# Investigating the Role of the Tumor MicroEnvironment in Resistance of Urothelial Carcinoma of the Bladder to FGFR3 Inhibition

> **NIH NIH F30** · OREGON HEALTH & SCIENCE UNIVERSITY · 2020 · $33,650

## Abstract

Project Summary
 Urothelial carcinoma of the bladder (i.e. bladder cancer) is the most common primary tumor of the
urothelial tract. Bladder cancer recurrence and metastases remain common and are significant contributors to
patient morbidity and mortality. Despite the high prevalence of recurrence and metastasis, no new treatment
options have been introduced for advanced disease in the past three decades. Many patients who initially
respond to standard of care treatment exhibit refractory disease within a few years. Furthermore, patients with
metastatic disease at the time of diagnosis often exhibit resistance to standard of care therapeutic treatment.
These cases underscore the urgent need for new therapies. One potential target for new therapy is fibroblast
growth factor receptor 3 (FGFR3), which is frequently mutated in bladder cancer. In vitro studies with FGFR3
inhibitors showed promising results, however, the in vivo responses were more modest. Currently, it is
unknown what modulates response to FGFR3 inhibition in vivo, but I hypothesize that the microenvironment is
contributing to resistance mechanisms in bladder cancer.
 The goal of this proposal is to better understand the roles that the tumor microenvironment plays in
resistance of bladder cancers to Fibroblast Growth Factor Receptor 3 (FGFR3) inhibition. The overall
hypothesis is that constituents of the tumor microenvironment confer resistance to FGFR3 inhibition and
promote metastasis in bladder cancer, and that response may depend on cellular differentiation state. This
hypothesis will be tested by employing MicroEnvironment MicroArrays (MEMA), which consists of robotically
printed growth pads made up of combinations of functional extracellular matrix (ECM) components, growth
factors and cytokines found in different local and metastatic microenvironments, allowing for systematic
assessment of microenvironment effects on cellular phenotypes in a rational reductionist manner.
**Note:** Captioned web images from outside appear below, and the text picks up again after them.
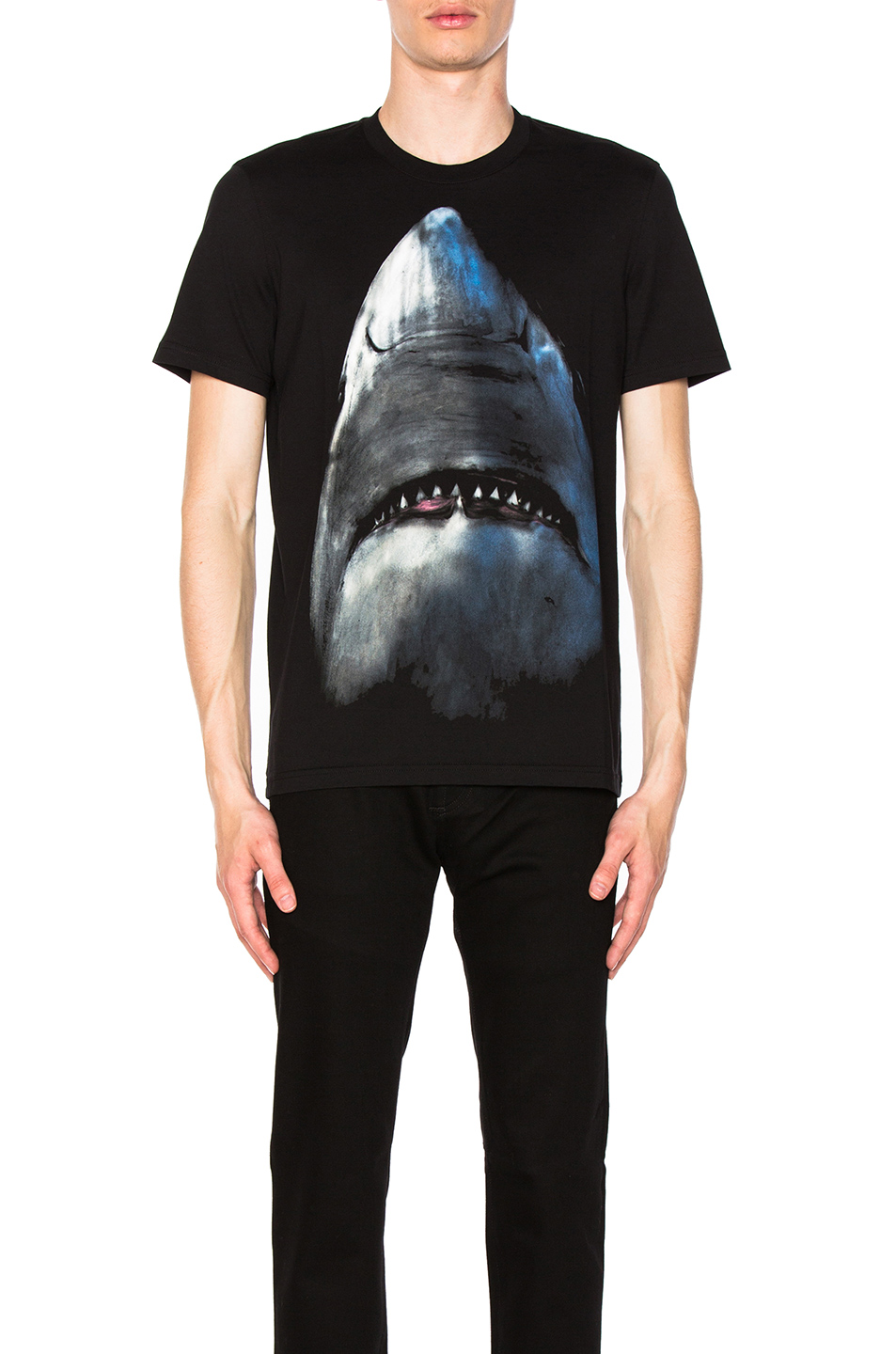 Repliky магазин сумки-Givenchy Ultra AT Shirt [Рос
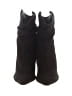 Gianni Bini Black Ankle Boots Size 9 - photo 2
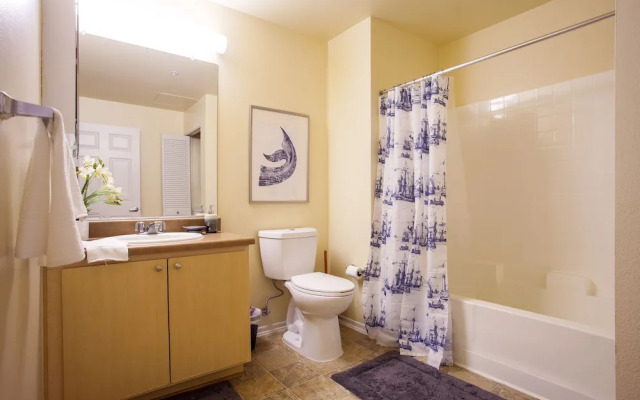 Marina Exquisite Suite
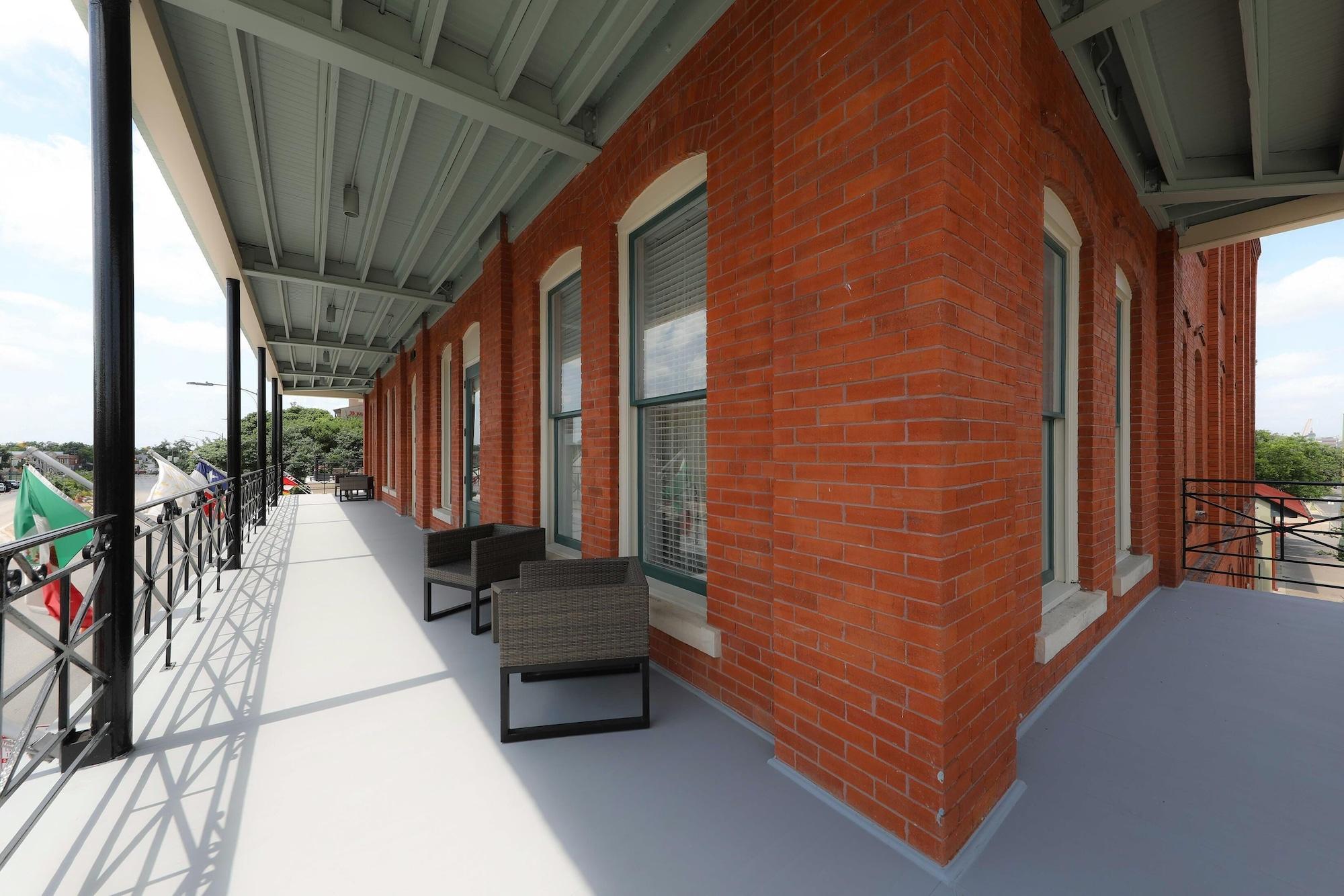 Instalaciones Recreativas Fairmount Hotel, in the Unbound Collection by Hyatt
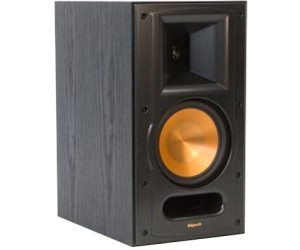 Klipsch RB-61 II Black Friday 2025 Comparez les prix sur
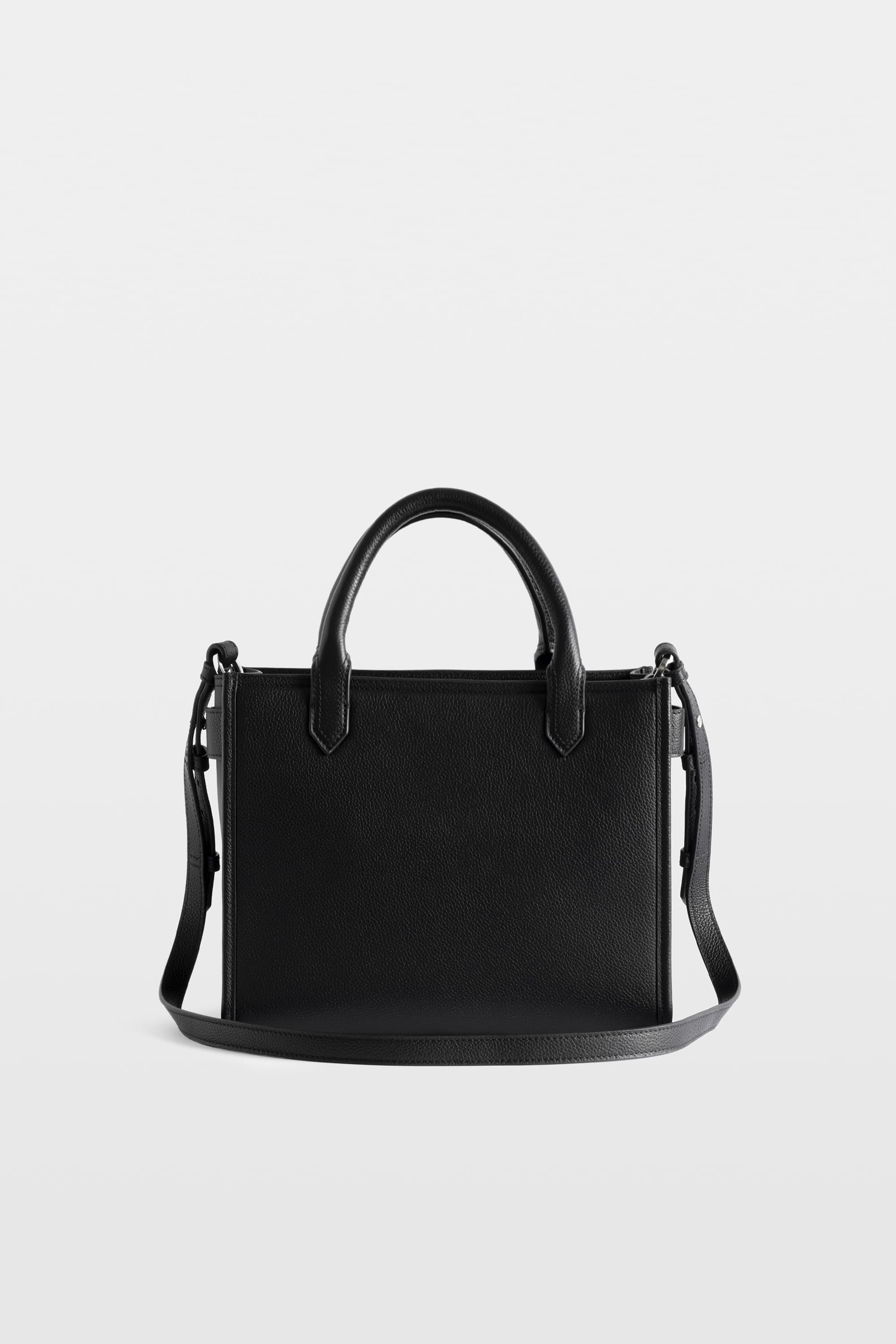 Angel Small Tote Bag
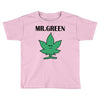 mr (2) Toddler T-shirt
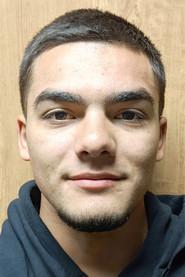 Justin Cardona as Self in Chris Colbert vs. Hector Luis Garcia 2022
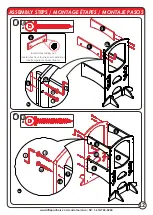 Preview for 12 page of Little Partners Learning Tower LP0141 (R2) Manual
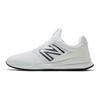 New Balance Nb 1100 Comfortable Versatile Low-Top Running Shoes Unisex Sneaker White Black MS1100AD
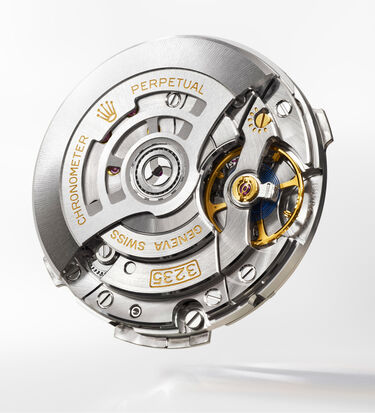 nouveaux mod&egrave;les rolex Datejust 41 2026 - Maison Birks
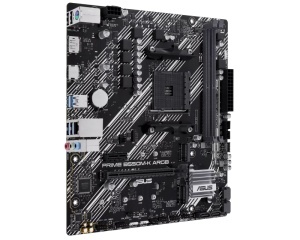 ASUS PRIME B550M-K ARGB matična ploča - Img 3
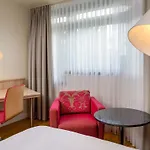 Moevenpick Muenchen-airport Ξενοδοχείο Χαλμπεργκμόος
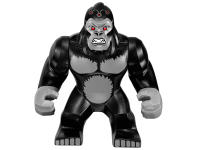 LEGO set 76026-1 Gorilla Grodd Goes Bananas - Image 8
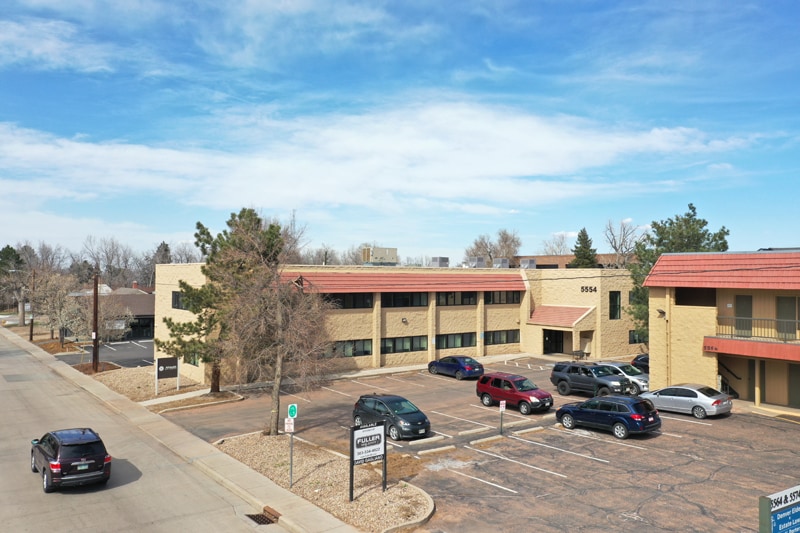 5564 S Prince St, Littleton, CO for lease - Building Photo - Image 2 of 6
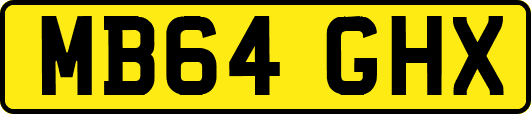 MB64GHX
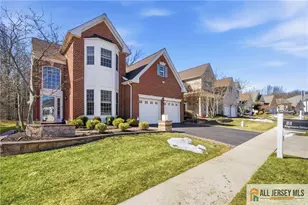 22 Edgemere Dr, South Brunswick Township, NJ 08824 - Photo 51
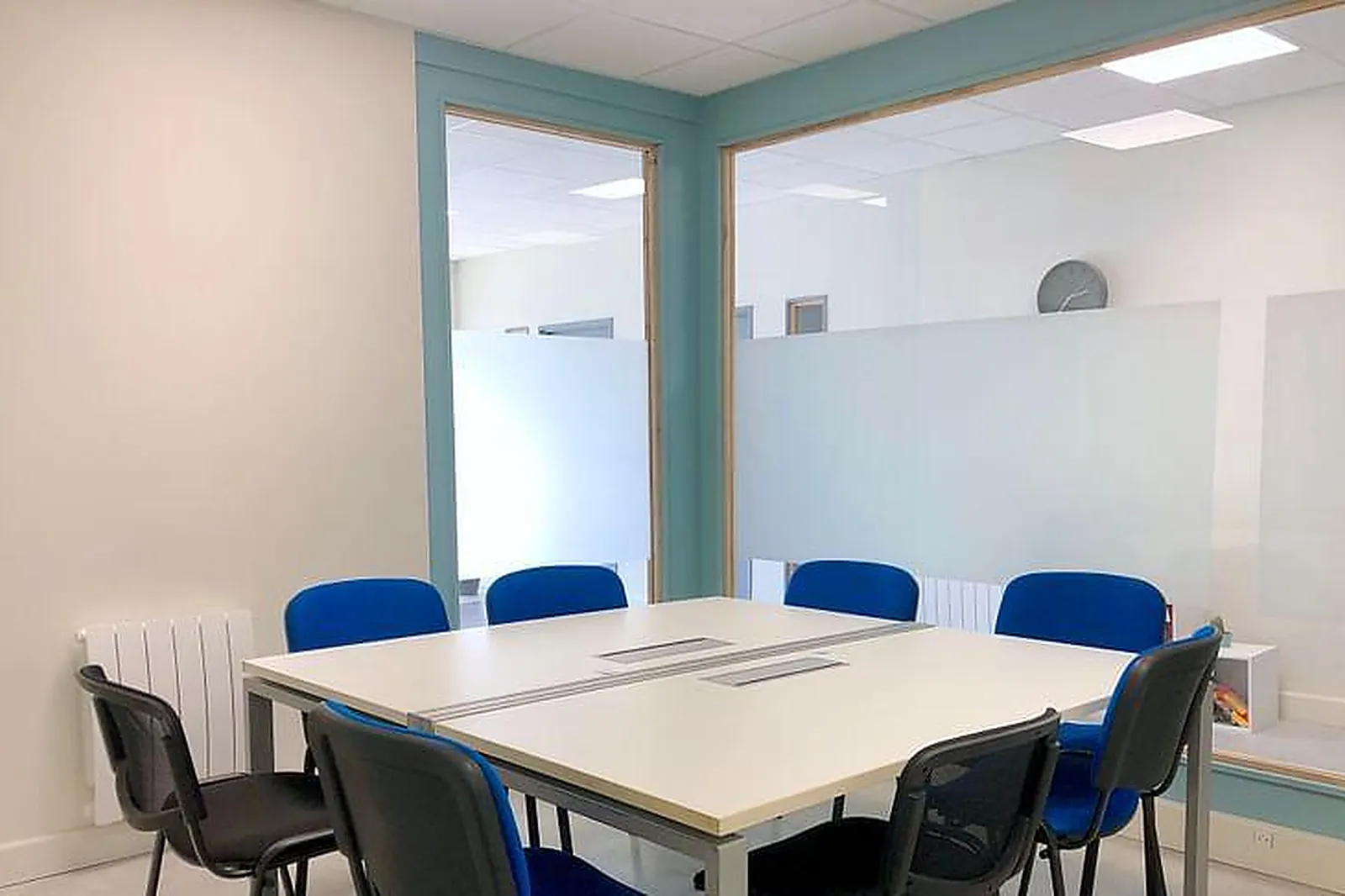 Lieux événementiels, WELCOME! COWORKING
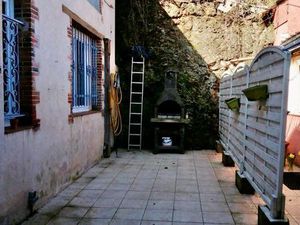 Location maison Chemillé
Based on
preliminary data, the specific aims of this proposal are as follows: (1) Determine the role that the
microenvironment plays in resistance to FGFR3 inhibition in bladder cancer, and (2) Investigate the role that
the microenvironment plays in expression of differentiation state markers in response to FGFR3 inhibition in
bladder cancer. Results from this proposal have the potential to provide new information that will enable us to
devise novel targeted approaches aimed at anticipating or overcoming resistance to FGFR3 inhibition and
preventing metastases in this disease. Thus, this project has the potential to greatly impact bladder cancer
patients' quality of life and overall survival.

## Key facts

- **NIH application ID:** 9856141
- **Project number:** 5F30CA206333-04
- **Recipient organization:** OREGON HEALTH & SCIENCE UNIVERSITY
- **Principal Investigator:** Cheryl Claunch
- **Activity code:** F30 (R01, R21, SBIR, etc.)
- **Funding institute:** NIH
- **Fiscal year:** 2020
- **Award amount:** $33,650
- **Award type:** 5
- **Project period:** 2017-02-01 → 2020-06-30

## Primary source

NIH RePORTER: https://reporter.nih.gov/project-details/9856141

## Citation

> US National Institutes of Health, RePORTER application 9856141, Investigating the Role of the Tumor MicroEnvironment in Resistance of Urothelial Carcinoma of the Bladder to FGFR3 Inhibition (5F30CA206333-04). Retrieved via AI Analytics 2026-05-22 from https://api.ai-analytics.org/grant/nih/9856141. Licensed CC0.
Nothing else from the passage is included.